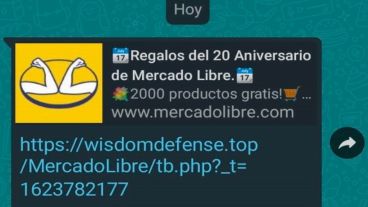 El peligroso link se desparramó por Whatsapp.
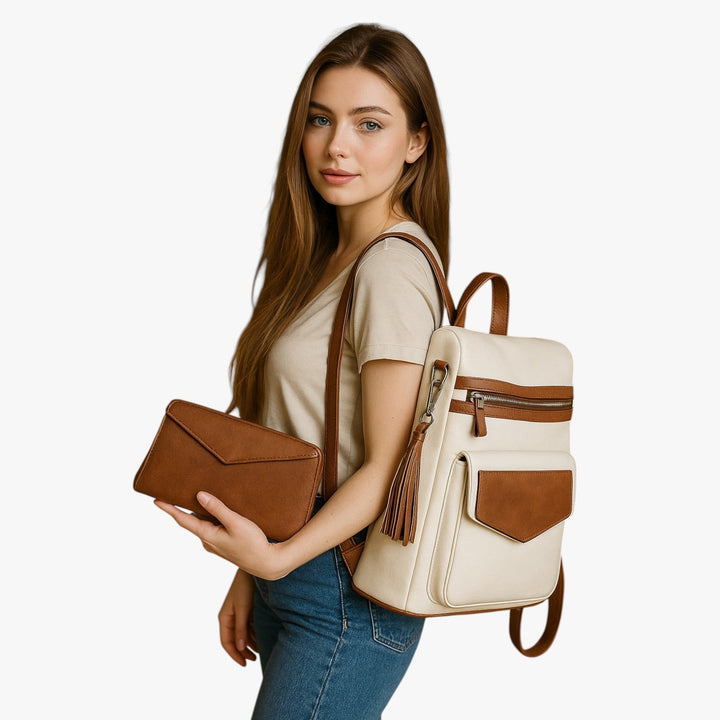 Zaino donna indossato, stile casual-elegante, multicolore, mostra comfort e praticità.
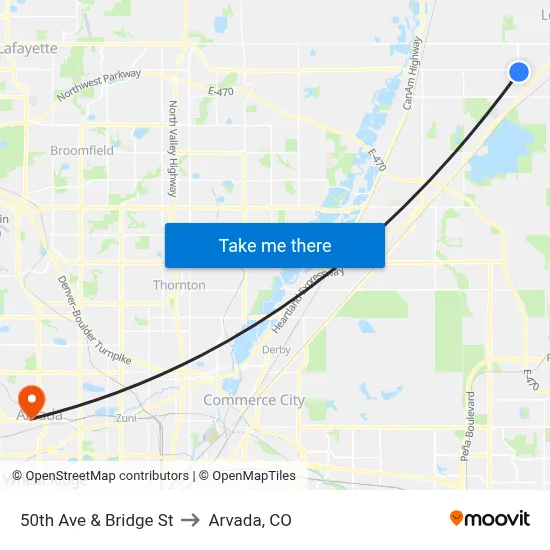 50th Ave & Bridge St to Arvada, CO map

# # #

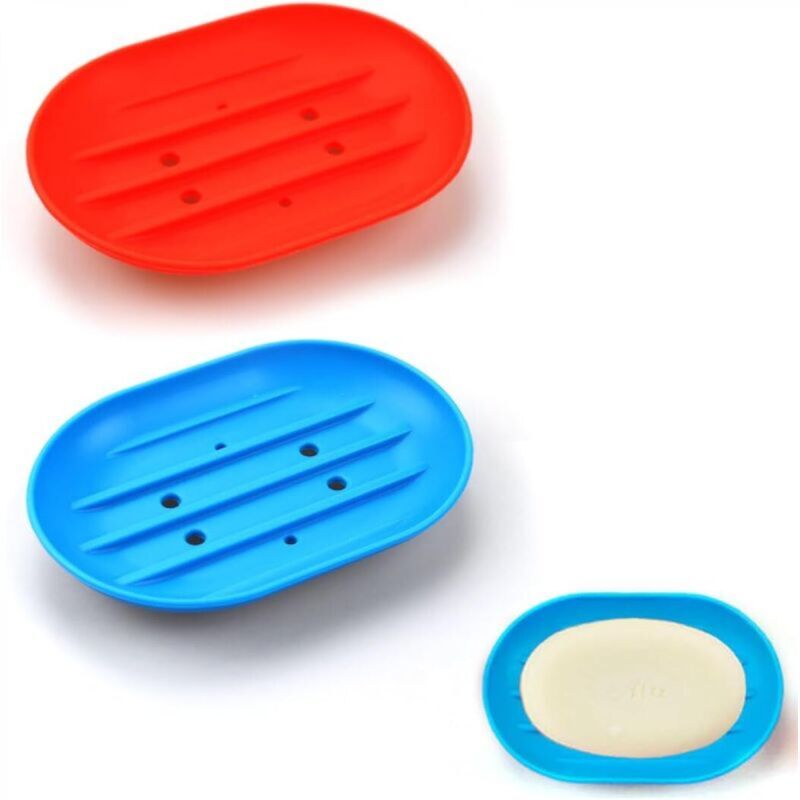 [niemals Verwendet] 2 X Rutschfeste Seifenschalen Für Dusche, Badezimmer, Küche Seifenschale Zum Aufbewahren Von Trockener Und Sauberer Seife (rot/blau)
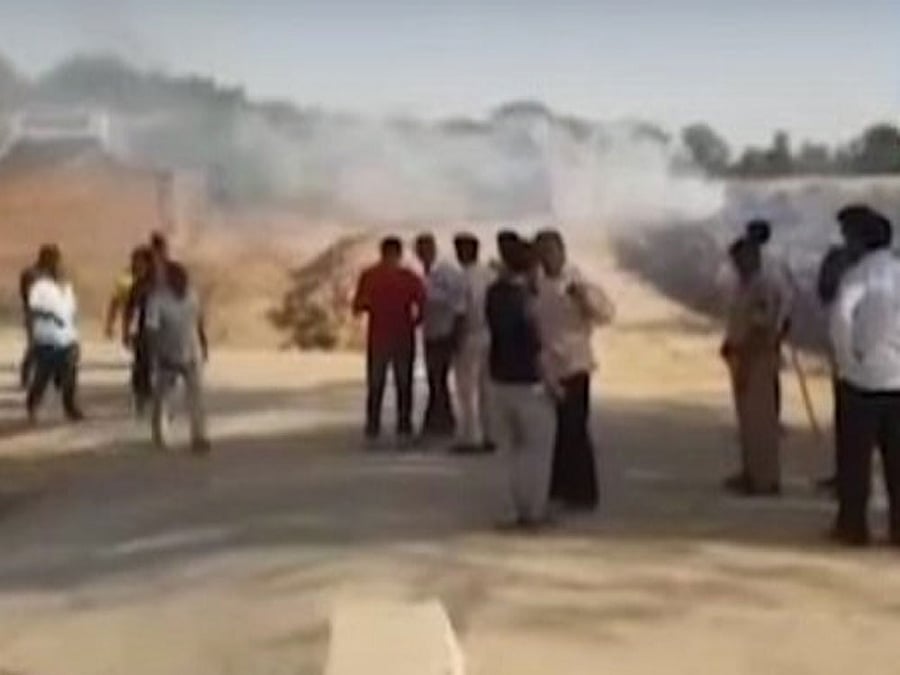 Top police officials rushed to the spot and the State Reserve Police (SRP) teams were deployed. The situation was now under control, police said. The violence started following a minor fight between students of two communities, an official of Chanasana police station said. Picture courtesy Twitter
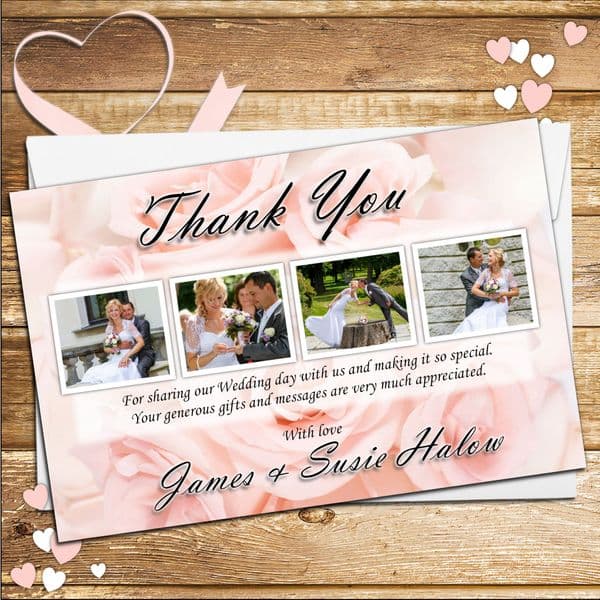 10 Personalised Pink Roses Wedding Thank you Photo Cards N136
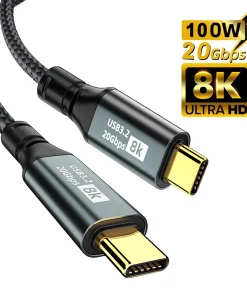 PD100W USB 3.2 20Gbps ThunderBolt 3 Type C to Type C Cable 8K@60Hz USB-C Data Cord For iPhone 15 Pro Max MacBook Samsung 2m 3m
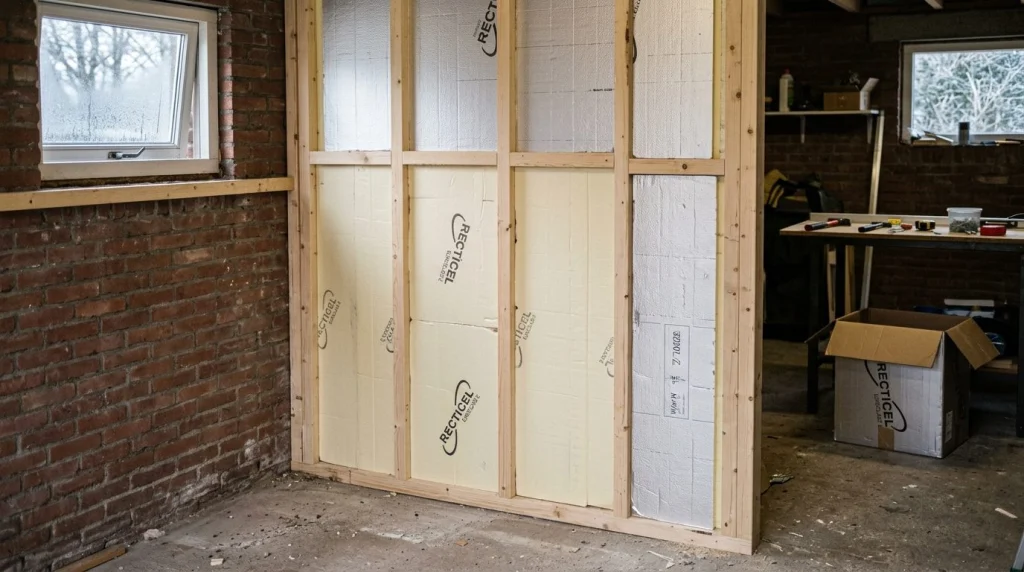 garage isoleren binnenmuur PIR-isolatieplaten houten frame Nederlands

# # #

ASSIGNMENT
Could you repeat, exactly, only the lines above starting at the one that has "[niemals Verwendet] 2" and stopping after the one that has "garage isoleren binnenmuur", without the pictures?

WORKED SOLUTION
 [niemals Verwendet] 2 X Rutschfeste Seifenschalen Für Dusche, Badezimmer, Küche Seifenschale Zum Aufbewahren Von Trockener Und Sauberer Seife (rot/blau)
 Top police officials rushed to the spot and the State Reserve Police (SRP) teams were deployed. The situation was now under control, police said. The violence started following a minor fight between students of two communities, an official of Chanasana police station said. Picture courtesy Twitter
 10 Personalised Pink Roses Wedding Thank you Photo Cards N136
 PD100W USB 3.2 20Gbps ThunderBolt 3 Type C to Type C Cable 8K@60Hz USB-C Data Cord For iPhone 15 Pro Max MacBook Samsung 2m 3m
 garage isoleren binnenmuur PIR-isolatieplaten houten frame Nederlands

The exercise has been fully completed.